Ein erfolgloser Drehbuchautor mit Amok-Phantasien. Eine ehemalige Drogendealerin, die zum Internet-Troll umgeschult hat. Eine Professorentochter, die zum Islam konvertiert und ihr darüber verzweifelnder Vater. Ein drogensüchtiger Popstar und sein Manager. Ein koksender Trader, eine obdachlose Hundeliebhaberin mit großem Gerechtigkeitssinn und eine ehemalige Pornodarstellerin. Ein rechtsradikaler H&M-Verkäufer und sein Kumpel, eine einsame Staatsbeamtin, ein krankhafter Frauenschläger und eine Kellnerin mit Talent zum Tätowieren. Sie alle bevölkern das Leben des Vernon Subutex, seines Zeichens bankrott gegangener Plattenhändler ohne Dach über dem Kopf. Ihnen allen verleiht die französische Schriftstellerin, Musikerin und Filmregisseurin Virginie Despentes („Baise Moi!“, „King Kong Theorie“) eine Stimme. Sie alle träumen von einem anderen besseren Leben, auf ganz unterschiedliche Weise.
„Das Leben des Vernon Subutex“ gilt als der Gesellschaftsroman unserer Zeit, als „Die menschliche Komödie“ (Balzac) des 21. Jahrhunderts. Regisseur Stefan Pucher, der zuletzt an den Kammerspielen „América“ von T.C. Boyle und „Wartesaal“ inszeniert hat, bringt Vernon Subutex und seine Bande auf die Bühne der Kammerspiele.
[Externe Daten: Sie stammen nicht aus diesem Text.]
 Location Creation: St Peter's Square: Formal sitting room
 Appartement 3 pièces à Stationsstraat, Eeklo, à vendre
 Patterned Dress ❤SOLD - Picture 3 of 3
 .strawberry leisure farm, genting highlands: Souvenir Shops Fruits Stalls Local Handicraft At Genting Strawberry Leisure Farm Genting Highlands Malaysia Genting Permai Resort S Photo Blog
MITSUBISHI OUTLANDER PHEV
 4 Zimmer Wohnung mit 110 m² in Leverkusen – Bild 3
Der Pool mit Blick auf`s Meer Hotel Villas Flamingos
Pucher und sein Dramaturg Tarun Kade schaffen es, dieses breitwandige Gesellschaftspanorama unseres Nachbarlandes vor und nach den islamistischen Anschlägen von Nizza und auf ein Rockkonzert im Pariser Bataclan zu verdichten. Aus mindestens zwei Wochen Lesezeit werden drei Theaterstunden. […] 'Vernon Subutex' ist vor allem hervorragendes Schauspielertheater. Und das ist ein Plus, für Leser und für Nichtleser der Roman-Trilogie.
Jelena Kuljić ist Subutex. Anders als in den Romanen, in denen Vernon sonnambul mit seinen Platten verzaubert, singt sie auch. Das kann sie wunderbar. Fabelhaft etwa die Version von Leonhard Cohens Vermächtnisstück „You Want It Darker“ – bei Pucher ist Vernon aktiver Künstler, ist einmal auch Jesus, Leidensgestalt mit Ingmar-Bergman-Kunstappeal.
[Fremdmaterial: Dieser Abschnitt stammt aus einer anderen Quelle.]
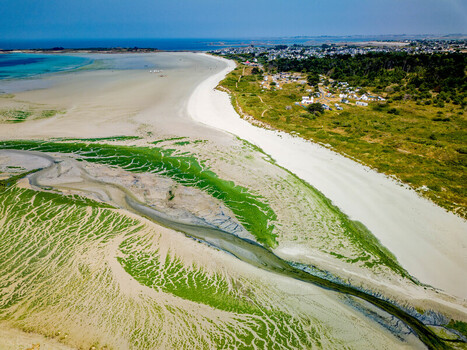 FRANCE. BRITTANY. FINISTERE 29 AERIAL VIEW OF L HORN ESTUARY PLOUGOULM AT LOW TIDE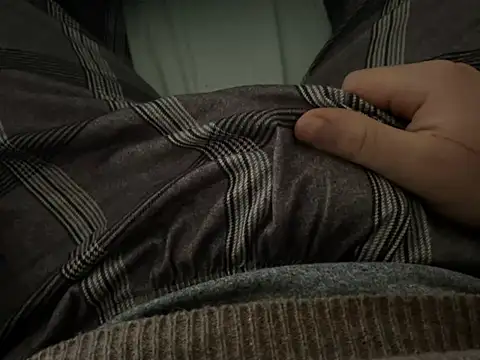 erdestruttor18 online show from February 4, 2026, 10:21 am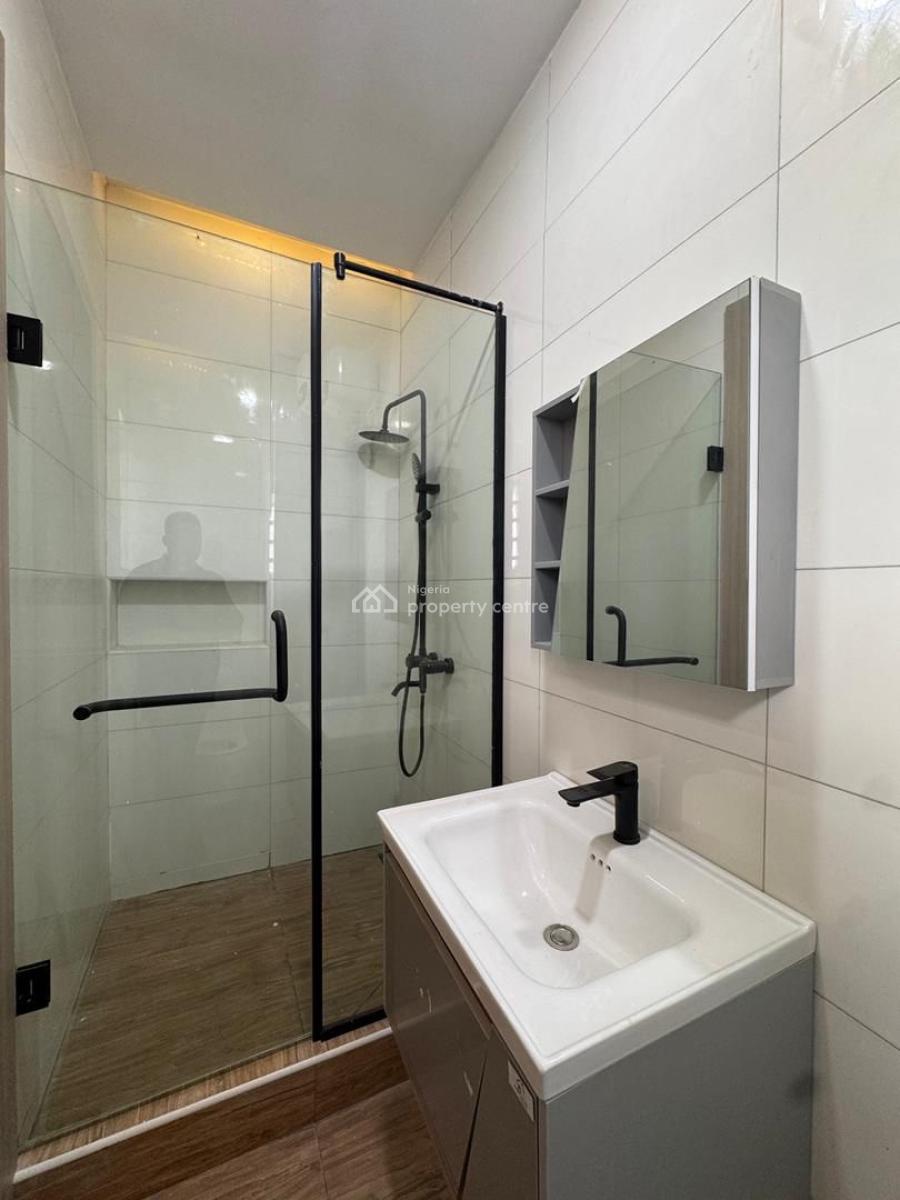 Beautifully Built 3 Bedroom Apartment with Swimming Pool and Gym, Lekki Lagos, Lekki Phase 1, Lekki, Lagos, Block of Flats for Sale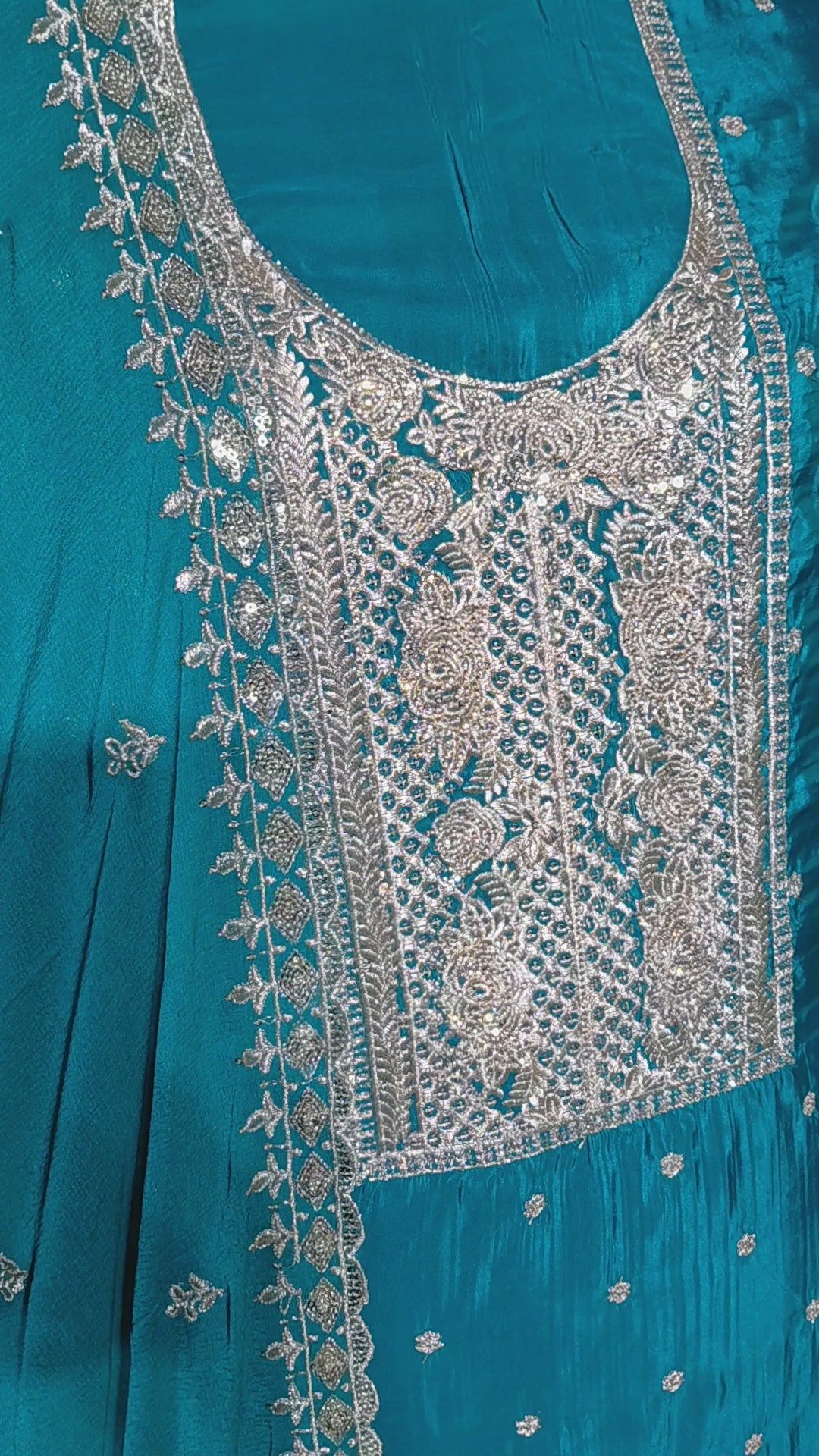 ROYAL PREMIUM GLASS ORGANZA UNSTICHED SUIT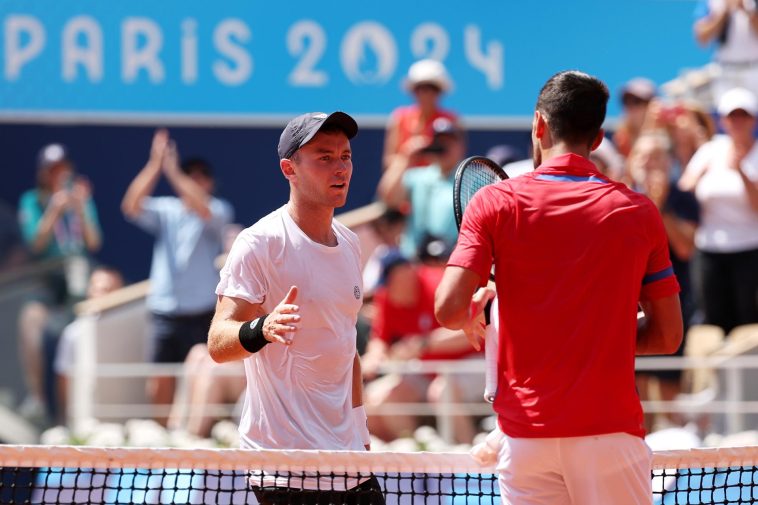 Novak Djokovic vence a Dominik Koepfer y avanza a cuartos de final de los Juegos Olímpicos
Wenn Kuljić so berührend die erste Strophe anstimmt „If you are a dealer, I'm out of the game/If you are the healer, it means I'm broken and lame“, wird klar, was der Romanvorlage abgeht – und das Theater liefern kann: Sound. Denn Musik ist Trumpf in den Büchern von Virginie Despentes.